Et c’est davantage le cas en Flandre ?

Je pense, même s’il convient d’ajouter la nuance qui sied. Derrière la manière d’aborder le succès financier, on retrouve aussi les traits de personnalité. La Flandre n’a pas l’apanage de l’esprit d’entreprise. En revanche, une divergence culturelle se joue principalement dans les réactions des uns et des autres. Si quelqu’un fait part de ses réussites en Wallonie, beaucoup se diront : mais pour qui se prend-il ? L’entrepreneur flamand, lui, pensera plutôt : je peux le faire aussi, je peux même faire mieux. C’est aussi ce qui ressort des remarques des lecteurs de l’édition néerlandophone. Beaucoup m’ont confirmé que le livre, dans sa façon d’aborder la création d’un patrimoine, représente un courant bien présent en Flandre.

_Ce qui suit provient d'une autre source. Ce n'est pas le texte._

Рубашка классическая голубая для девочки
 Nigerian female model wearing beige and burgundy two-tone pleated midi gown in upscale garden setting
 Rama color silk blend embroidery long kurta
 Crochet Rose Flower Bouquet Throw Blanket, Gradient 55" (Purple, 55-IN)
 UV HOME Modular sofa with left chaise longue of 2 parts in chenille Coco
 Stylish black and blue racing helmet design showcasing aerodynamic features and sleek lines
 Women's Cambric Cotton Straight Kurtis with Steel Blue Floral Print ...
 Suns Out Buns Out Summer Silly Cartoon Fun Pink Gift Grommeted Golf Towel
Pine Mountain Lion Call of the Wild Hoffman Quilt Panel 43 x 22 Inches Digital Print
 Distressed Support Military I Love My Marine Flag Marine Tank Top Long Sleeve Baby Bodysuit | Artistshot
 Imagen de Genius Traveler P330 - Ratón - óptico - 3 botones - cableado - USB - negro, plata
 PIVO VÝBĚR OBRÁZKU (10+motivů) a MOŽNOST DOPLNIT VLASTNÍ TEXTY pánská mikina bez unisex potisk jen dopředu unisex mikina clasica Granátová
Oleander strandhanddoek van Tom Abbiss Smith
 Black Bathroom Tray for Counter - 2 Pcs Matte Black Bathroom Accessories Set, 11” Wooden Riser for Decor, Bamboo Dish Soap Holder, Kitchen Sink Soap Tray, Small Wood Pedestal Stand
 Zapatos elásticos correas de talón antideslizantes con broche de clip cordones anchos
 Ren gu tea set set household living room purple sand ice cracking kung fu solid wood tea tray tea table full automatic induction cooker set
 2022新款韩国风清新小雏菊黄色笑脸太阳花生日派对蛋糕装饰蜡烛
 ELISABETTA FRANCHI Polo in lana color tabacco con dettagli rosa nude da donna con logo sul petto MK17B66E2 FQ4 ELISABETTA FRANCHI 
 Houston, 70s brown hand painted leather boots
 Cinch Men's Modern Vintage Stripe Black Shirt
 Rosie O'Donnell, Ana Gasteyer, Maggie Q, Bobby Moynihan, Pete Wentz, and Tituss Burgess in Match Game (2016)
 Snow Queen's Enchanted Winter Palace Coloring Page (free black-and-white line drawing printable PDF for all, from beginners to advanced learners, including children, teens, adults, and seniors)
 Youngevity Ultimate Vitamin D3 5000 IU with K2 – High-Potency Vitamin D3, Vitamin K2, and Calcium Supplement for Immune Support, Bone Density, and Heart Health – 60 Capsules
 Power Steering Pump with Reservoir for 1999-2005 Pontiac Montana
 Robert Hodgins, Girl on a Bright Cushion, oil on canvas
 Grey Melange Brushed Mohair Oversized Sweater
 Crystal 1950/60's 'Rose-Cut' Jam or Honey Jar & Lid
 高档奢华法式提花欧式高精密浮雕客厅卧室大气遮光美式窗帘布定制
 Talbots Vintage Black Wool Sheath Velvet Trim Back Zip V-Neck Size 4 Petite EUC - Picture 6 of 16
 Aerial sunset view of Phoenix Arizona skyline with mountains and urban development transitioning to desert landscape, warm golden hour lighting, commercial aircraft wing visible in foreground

Vous avez côtoyé de nombreux entrepreneurs fortunés du nord du pays. Quelle est d’après vous la principale clé du succès financier à la flamande ?

La rigueur, même si là encore, évitons de parler en noir et blanc. A mon sens, la logique latine s’oppose ici à la logique germanique. Si je reçois une importante demande d’offre à 21 heures, mon côté latin me suggérera de passer du temps avec ma famille. Tandis que mon côté germanique me conseillera plutôt d’établir l’offre sans attendre. Car le fait de réagir à une demande dans les quatre heures qui suivent augmente de presque 50 % mes chances de décrocher le contrat. Le Flamand compte beaucoup sur lui-même. Le degré d’autonomie prôné au nord du pays traduit aussi cette ambition de vouloir assumer un avenir sans dépendre des autres. Parce que la Flandre est persuadée d’en être capable.

Tout au long de votre ouvrage, vous prônez un certain opportunisme, notamment à travers un talent de négociateur dans la vie de tous les jours…

Il faut être opportuniste, mais dans le bon sens du terme. Les entrepreneurs flamands que je connais sont fiers de leurs réussites, mais ils n’en feront pas étalage. Entre l’arrogance et la conviction, la ligne est très fine. Mais je ne décèle pas d’arrogance dans la business culture flamande.

Il s’agit donc de décoder les règles du jeu de chaque business culture pour les tourner à son propre avantage.

Exactement, merci de le dire. Ça résume bien la logique que j’essaie de présenter au lecteur. Sans faire de la politique, je suis convaincu que le fait de s’ouvrir à la Flandre peut être bénéfique pour l’entrepreneur wallon, et vice versa. Tout est une question d’échange et de découverte. Aujourd’hui, je peux affirmer qu’au minimum 80 % de ma manière d’agir et de ma vision des choses est issue de ce que les autres m’ont appris.

Faire fortune en 10 ans, comment s’y prendre, par Frank van Rycke, Ed. AuRêka SA, 212 p.